[Source records]
○ ○ ○

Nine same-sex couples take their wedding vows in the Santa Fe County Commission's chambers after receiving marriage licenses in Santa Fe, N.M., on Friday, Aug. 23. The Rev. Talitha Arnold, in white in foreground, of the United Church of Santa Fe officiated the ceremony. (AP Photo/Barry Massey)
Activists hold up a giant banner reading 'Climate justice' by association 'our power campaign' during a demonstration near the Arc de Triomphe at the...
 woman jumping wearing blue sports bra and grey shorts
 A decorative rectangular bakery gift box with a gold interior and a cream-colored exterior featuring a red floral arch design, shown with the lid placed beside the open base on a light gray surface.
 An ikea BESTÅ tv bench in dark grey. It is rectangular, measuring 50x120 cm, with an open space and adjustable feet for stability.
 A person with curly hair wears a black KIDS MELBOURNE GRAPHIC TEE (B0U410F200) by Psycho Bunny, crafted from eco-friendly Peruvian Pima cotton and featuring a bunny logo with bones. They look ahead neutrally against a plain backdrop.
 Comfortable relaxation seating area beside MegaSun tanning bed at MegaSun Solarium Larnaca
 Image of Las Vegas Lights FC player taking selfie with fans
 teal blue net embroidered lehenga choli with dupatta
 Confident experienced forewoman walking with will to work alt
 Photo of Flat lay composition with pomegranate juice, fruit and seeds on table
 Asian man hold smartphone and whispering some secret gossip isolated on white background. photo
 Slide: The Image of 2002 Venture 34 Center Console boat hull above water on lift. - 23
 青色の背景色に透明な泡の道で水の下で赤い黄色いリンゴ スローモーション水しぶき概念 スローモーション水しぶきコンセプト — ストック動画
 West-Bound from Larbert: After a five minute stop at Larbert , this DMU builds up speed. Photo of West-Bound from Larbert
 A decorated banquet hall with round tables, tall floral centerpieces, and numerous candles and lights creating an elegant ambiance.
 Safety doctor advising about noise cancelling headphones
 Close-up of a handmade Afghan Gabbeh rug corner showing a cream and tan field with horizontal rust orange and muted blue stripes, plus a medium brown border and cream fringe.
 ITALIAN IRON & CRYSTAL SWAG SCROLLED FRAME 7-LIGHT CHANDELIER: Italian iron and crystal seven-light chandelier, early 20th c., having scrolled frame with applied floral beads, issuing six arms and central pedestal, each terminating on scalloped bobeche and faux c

○ ○ ○

### Brief
Write out exactly the lines above from the line with "A decorative rectangular" through the line with "Confident experienced forewoman", both of them included, and leave out all other lines.

### Problem solution
 A decorative rectangular bakery gift box with a gold interior and a cream-colored exterior featuring a red floral arch design, shown with the lid placed beside the open base on a light gray surface.
 An ikea BESTÅ tv bench in dark grey. It is rectangular, measuring 50x120 cm, with an open space and adjustable feet for stability.
 A person with curly hair wears a black KIDS MELBOURNE GRAPHIC TEE (B0U410F200) by Psycho Bunny, crafted from eco-friendly Peruvian Pima cotton and featuring a bunny logo with bones. They look ahead neutrally against a plain backdrop.
 Comfortable relaxation seating area beside MegaSun tanning bed at MegaSun Solarium Larnaca
 Image of Las Vegas Lights FC player taking selfie with fans
 teal blue net embroidered lehenga choli with dupatta
 Confident experienced forewoman walking with will to work alt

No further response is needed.